2. Description of the Prior Art
The operation of all micromachined vibratory gyroscopes is based on a transfer of energy between two modes of vibration caused by the Coriolis effect. Conventional implementations often utilize single degree of freedom drive and sense-modes. Several of these conventional implementations reported gyroscopes with structurally symmetrical designs aimed at mode-matched operation. In such implementations, the mechanical gain is increased proportionally to the sense-mode quality factor. Additionally, mode-matching feedback control can be employed to improve sensitivity by electronically tuning the drive- and sense-modes. Alternatively, parametric excitation of the drive-mode providing large amplitudes over a wide range of frequencies can be used to eliminate the frequency mismatch between the drive- and sense-modes. However, mode-matched operation has practical challenges, requiring precise matching of the operational modes over wide temperature ranges. As a result of mode-matched operation, the increased sensitivity is achieved at the cost of sensor robustness, temperature bias drift, bandwidth and linear operational range.

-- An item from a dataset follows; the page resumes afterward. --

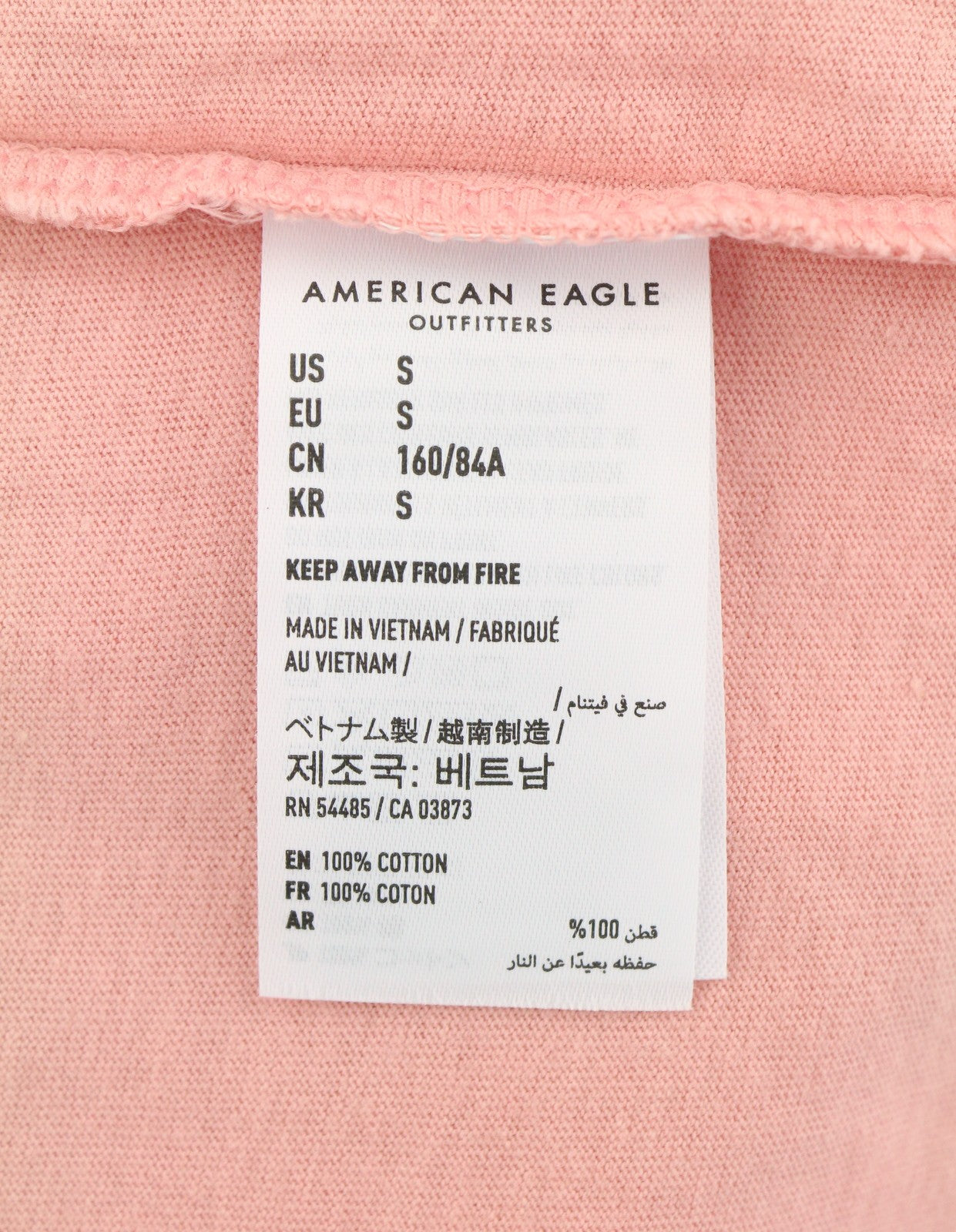 AMERICAN EAGLE OUTFITTERS Women T-Shirt S Pink Tricot Cotton Crew Short Sleeve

Alternatively, the modes of operation can be designed with a certain frequency mismatch. Even though this approach improves the robustness and the bandwidth characteristics, the improvements are limited due to the dimensionality of the design space. Restrictions of design approaches with single-DOF drive- and sense-modes dictate a tradeoff between achieved robustness/bandwidth and gain.
Structural design approaches leading to robust gyroscopes are an intriguing option to consider. Several approaches have been previously explored including a design of a non-resonant gyroscope with 2-DOF drive- and 2-DOF sense-modes, and a gyroscope design with a 2-DOF drive-mode and 1-DOF sense-mode. Previously reported designs illustrated that the increase of system dimensionality and careful selection of system parameters may lead to an increase of system robustness. However, increasing the number of degrees of freedom in the drive-mode may not be the best choice as it requires actuation of the drive-mode at a non-resonant frequency, which is less efficient than resonant actuation.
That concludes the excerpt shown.